Sangster, Adam (2016) Embracing Multiplicity: Harnessing Performers’ Perceptions to Instigate Emergent Forms. Masters thesis, University of Huddersfield.
Abstract

Notions of multiplicity have become an ever increasing part of my compositional approach, both theoretically and practically. This thesis seeks to set out how my music has come to embrace ideas of multiplicity, and what that means for my music from a theoretical standpoint. The music employs modular forms (which are defined in relation to the work of James Saunders and Matthew Sergeant) that allow performers to create their own versions of a piece, through their understanding of material identity. The implications of this process on the composer/score/performer relationship are profound, indeed one can see the forms that each version of a piece takes as emergent.
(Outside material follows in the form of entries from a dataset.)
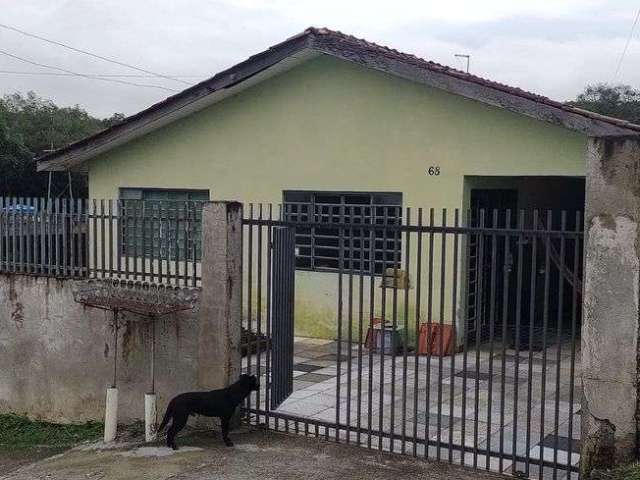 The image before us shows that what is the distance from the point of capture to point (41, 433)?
8.20 meters

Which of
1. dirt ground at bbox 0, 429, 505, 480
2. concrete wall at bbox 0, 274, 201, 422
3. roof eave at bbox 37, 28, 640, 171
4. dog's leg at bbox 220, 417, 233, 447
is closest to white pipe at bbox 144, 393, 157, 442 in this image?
dirt ground at bbox 0, 429, 505, 480

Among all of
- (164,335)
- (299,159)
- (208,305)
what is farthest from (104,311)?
(299,159)

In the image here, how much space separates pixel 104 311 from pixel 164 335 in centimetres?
84

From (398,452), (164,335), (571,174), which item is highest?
(571,174)

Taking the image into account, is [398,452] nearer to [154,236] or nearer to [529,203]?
[154,236]

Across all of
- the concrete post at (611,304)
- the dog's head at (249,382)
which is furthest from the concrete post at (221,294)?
the concrete post at (611,304)

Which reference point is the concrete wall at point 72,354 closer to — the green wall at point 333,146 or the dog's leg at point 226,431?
the dog's leg at point 226,431

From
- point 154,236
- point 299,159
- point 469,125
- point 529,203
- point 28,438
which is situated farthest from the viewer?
point 529,203

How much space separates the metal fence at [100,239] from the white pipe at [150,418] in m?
1.10

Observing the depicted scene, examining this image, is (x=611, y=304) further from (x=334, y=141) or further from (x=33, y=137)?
(x=33, y=137)

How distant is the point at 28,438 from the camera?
26.7ft

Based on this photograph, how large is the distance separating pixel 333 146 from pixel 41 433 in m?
6.04

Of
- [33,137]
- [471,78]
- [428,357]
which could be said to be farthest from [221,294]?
[33,137]

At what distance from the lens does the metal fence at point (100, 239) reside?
285 inches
Each version of a piece emerges from the dialogue and mediation implicit in this kind of composer/score/performer relationship. The emergent form of the piece is thus a realisation of just one of the multiplicity of potential versions of the piece there are. I also seek to characterise this composer/score/performer relationship in relation to Bakhtinian dialogism, Sergeant’s notions of hybridity and McCormack’s theory of mediation. Each of these theories have been applied retrospectively to the works within the folio, these resultant axioms provide new insights into this composer/score/performer relationship, which have informed further investigations.